On average – the respondents ranked the factors in the following order…

  • Salary (on average ranked 2.1)
  • Location (avg 3.4)
  • Responsibilities of the job (avg 4.3)
  • Job Title (avg 4.6)
  • Company reputation (avg 5)
  • Availability of remote working (avg 5.2)
  • Company culture (avg. 5.5)
  • Job perks (free lunches, gym etc) (avg 5.9)

With a further breakdown here: 

So what does that mean?


There is a fairly clear indicator: for those surveyed, salary is a very important factor when potential employees are considering whether to apply for a job or not. 48.7% listed it as the single most important thing. On average, it was listed at 2.1 in the ranking, with the next closest (location) being on average selected at the 3.4 mark.
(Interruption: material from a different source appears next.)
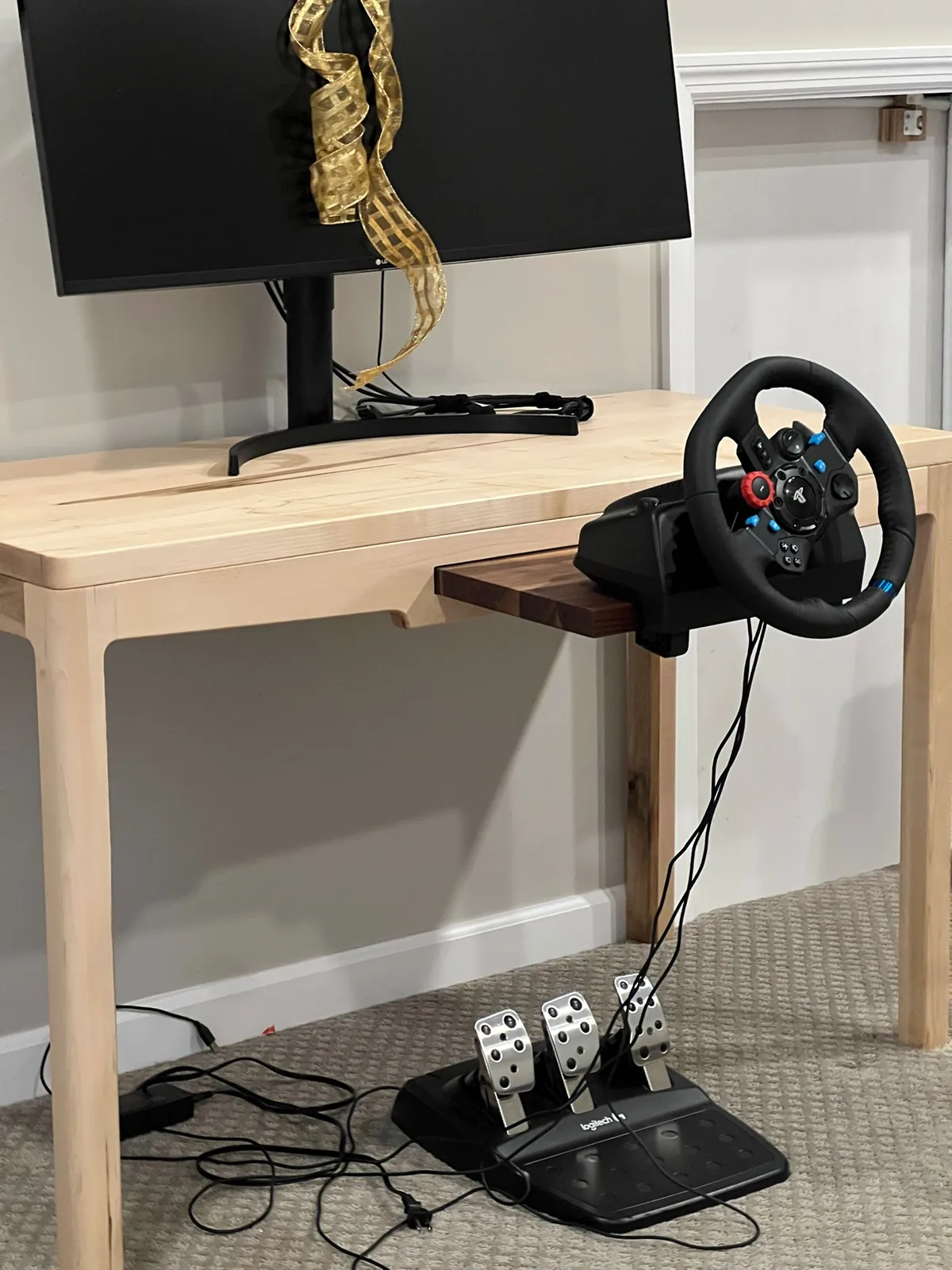 Maple gaming desk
I was a touch surprised by this. If you head onto Linkedin on any given day – you will see 100 posts saying ‘only work somewhere you love’ and very rarely any that say ‘it doesn’t matter – take the money!’. Perhaps anonymity is one factor, but I also wanted to further interrogate the data to see if there were any other variations. 

Does income make a difference?

One hypothesis I wanted to test is whether the current income would have an impact. An unfortunate truth is those who are most likely to be impacted by the cost of living crisis are those with low or average incomes. I wondered whether they would skew the results of the survey. 

However, of those with household incomes of less than £30k per year, the salary was still ranked top with an average rank of 2.1 (48.4% of folks ranked it number one). This is interesting because if we only focus on those with a £50k+ household income, 47.8% list salary as the most important factor. Hardly a big difference.

How about seniority in a company?

Personally, I was surprised to see company culture so low on the list. 

To further investigate this, I sliced the data to only look at managers and directors: i.e. folks who will have more experience, and therefore more likely to have been part of positive and negative company cultures. 

Once again, 46.6% still record salary as number one and company culture remains in the same position, marginally moving up on average position from 5.5 to 5.4. 

The results came out remarkably similar to the rest of the data set, suggesting that seniority in the business also wasn’t the biggest determining factor in how people perceived jobs.

Coming to a Conclusion

The truth is no matter how I sliced the data by demographic in this study, I didn’t find anything that was markedly different from what I’ve already shown you.

And while I don’t want to present this data as an ‘open and shut case’ (we could have broadened the sample and also included more questions and qualitative data) what the sample shows is an indication. An indication that salary is indeed an important part of the puzzle when it comes to attracting applicants. 

To close, the question on my mind is: ‘is not listing the salary on your job descriptions costing you the best candidates?’. My answer… probably, yes.